### WHAT TO DO
Please transcribe the listing below in full, exactly as written, leaving out its pictures.

### PROVIDED DATA
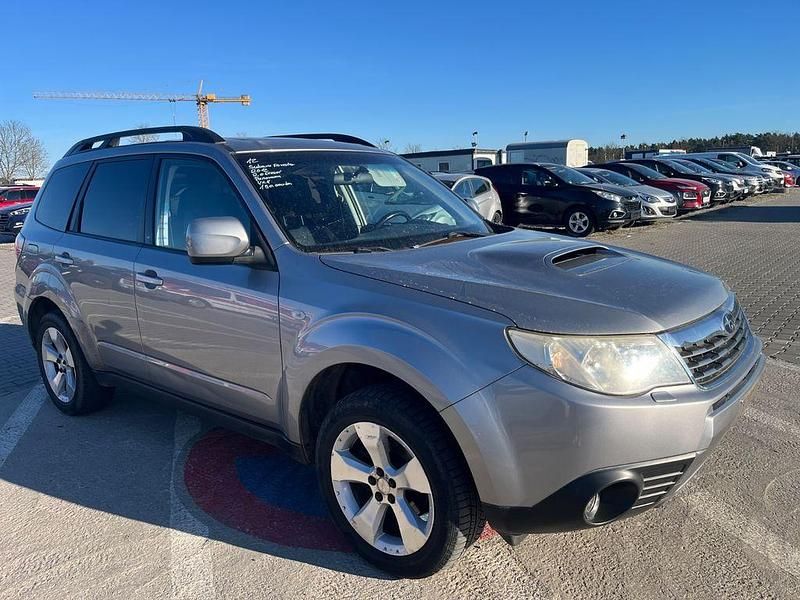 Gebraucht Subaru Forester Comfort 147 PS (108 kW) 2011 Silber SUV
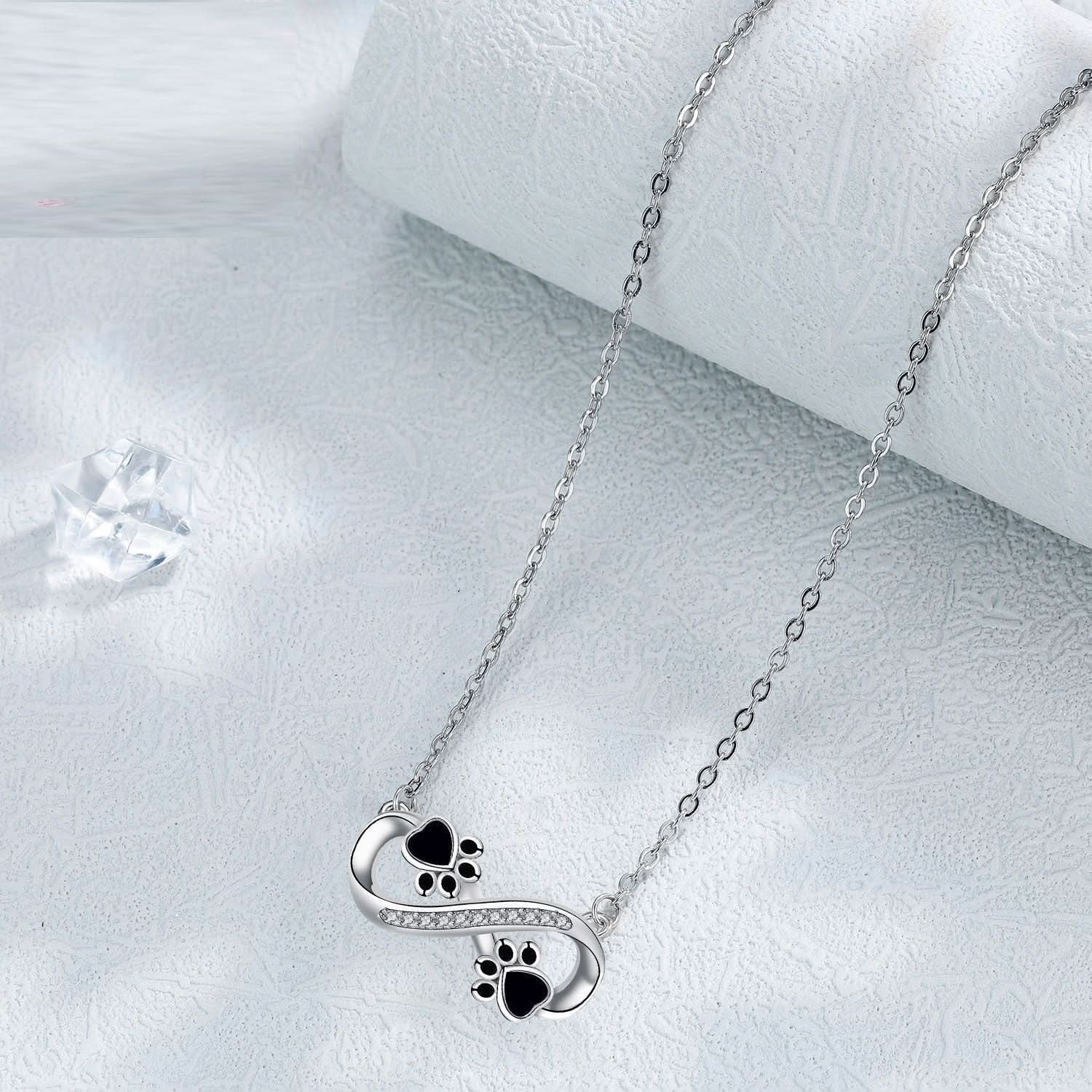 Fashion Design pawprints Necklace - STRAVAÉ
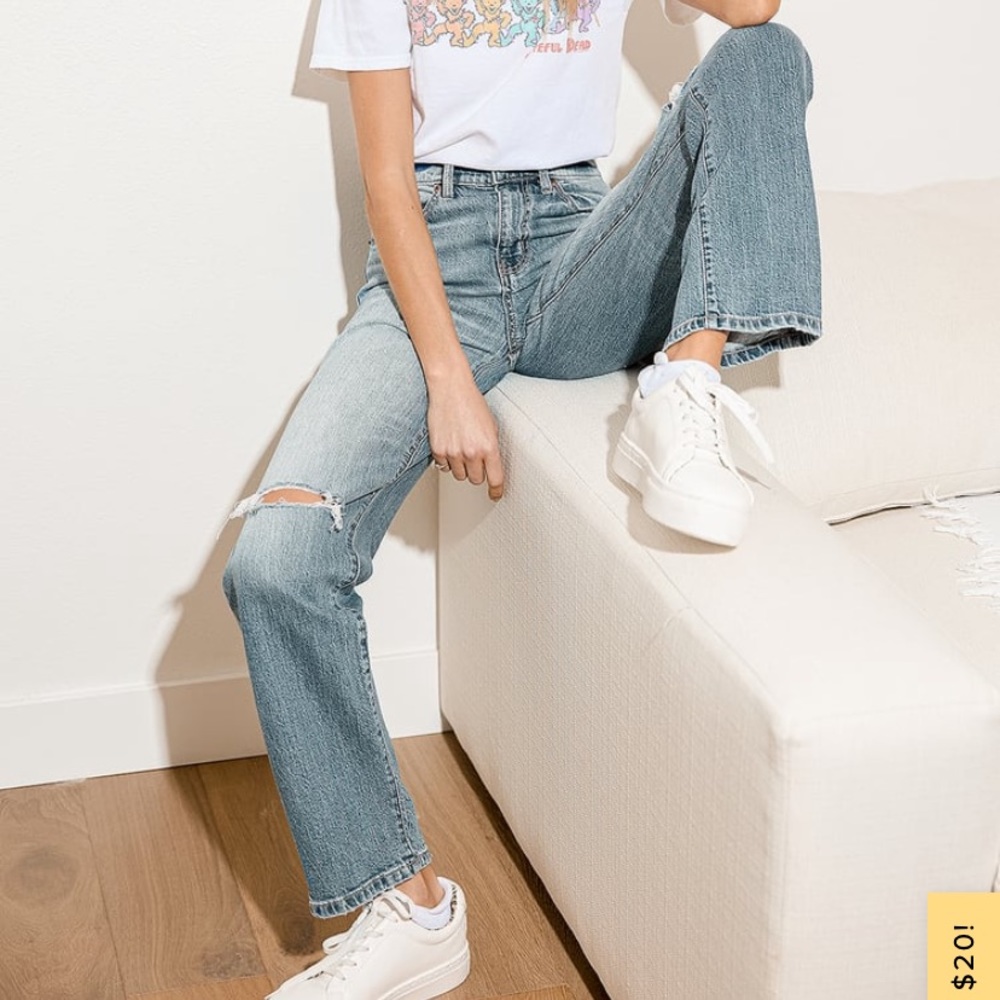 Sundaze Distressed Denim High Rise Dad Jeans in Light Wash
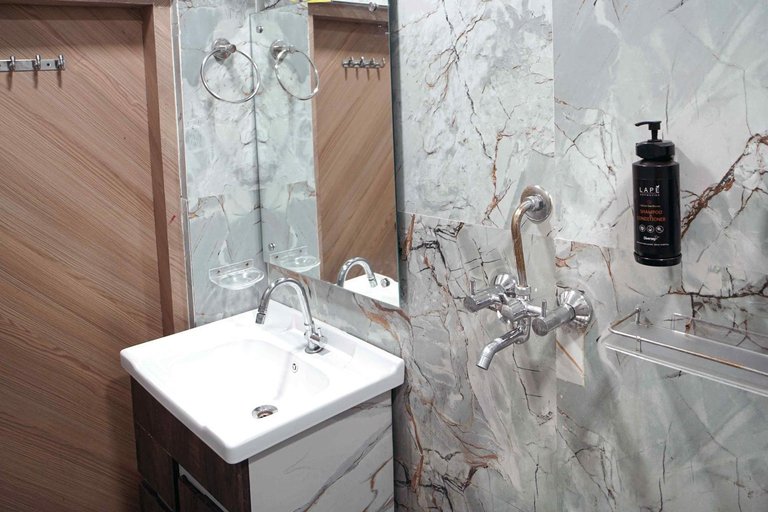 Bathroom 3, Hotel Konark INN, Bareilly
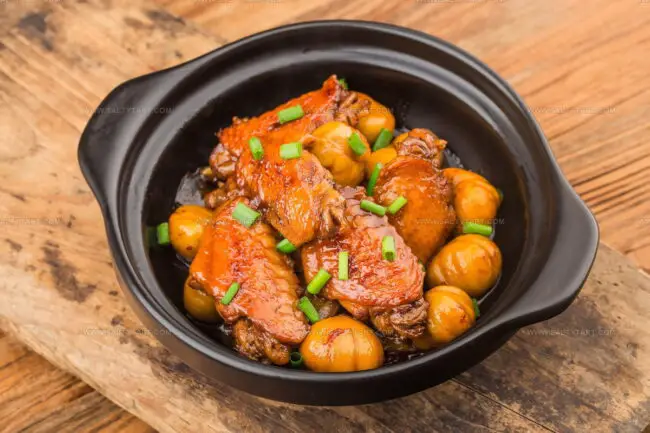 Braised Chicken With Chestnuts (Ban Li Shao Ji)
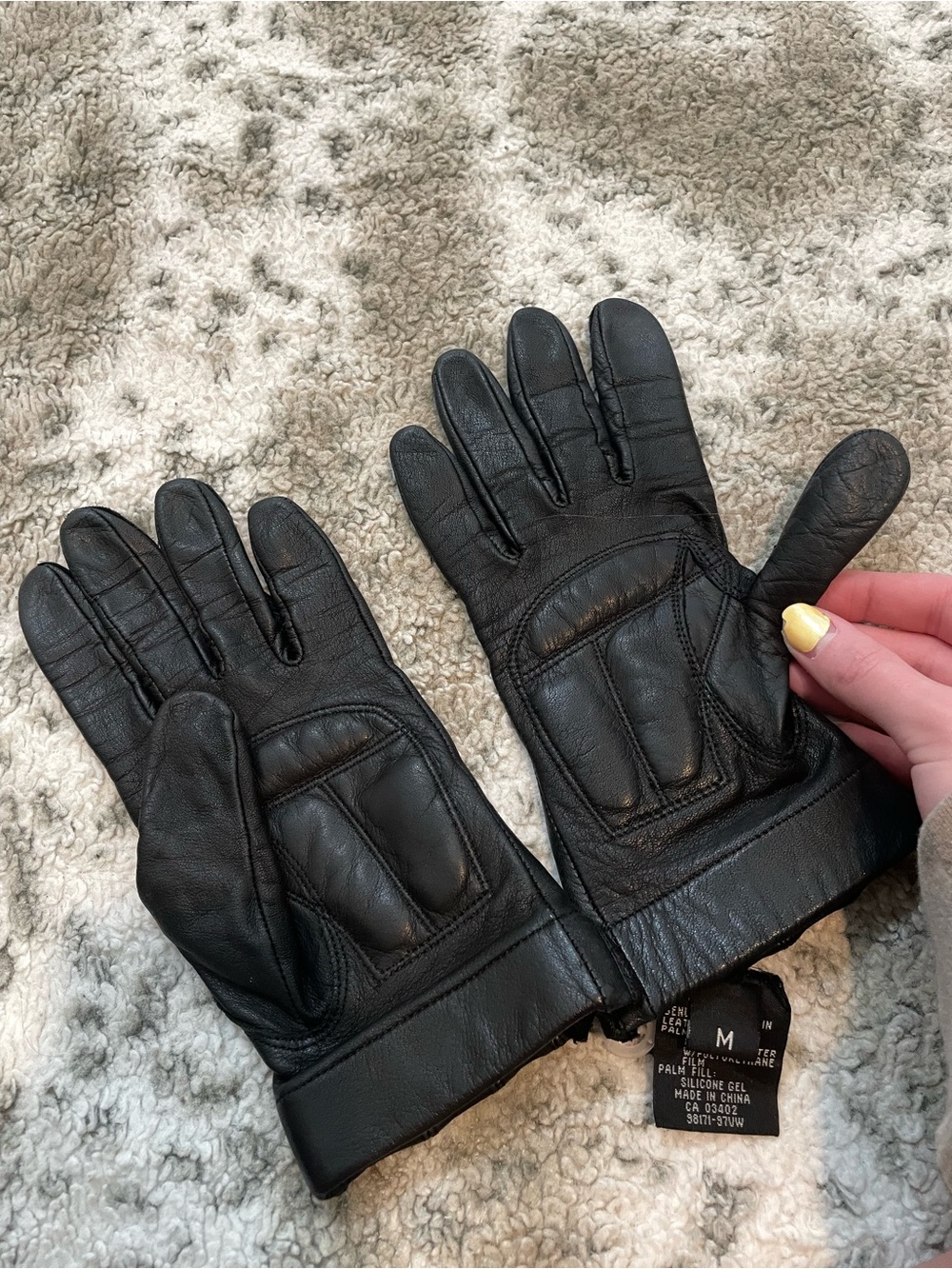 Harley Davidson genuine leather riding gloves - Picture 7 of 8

### WORKED SOLUTION
 Gebraucht Subaru Forester Comfort 147 PS (108 kW) 2011 Silber SUV
 Fashion Design pawprints Necklace - STRAVAÉ
 Sundaze Distressed Denim High Rise Dad Jeans in Light Wash
 Bathroom 3, Hotel Konark INN, Bareilly
 Braised Chicken With Chestnuts (Ban Li Shao Ji)
 Harley Davidson genuine leather riding gloves - Picture 7 of 8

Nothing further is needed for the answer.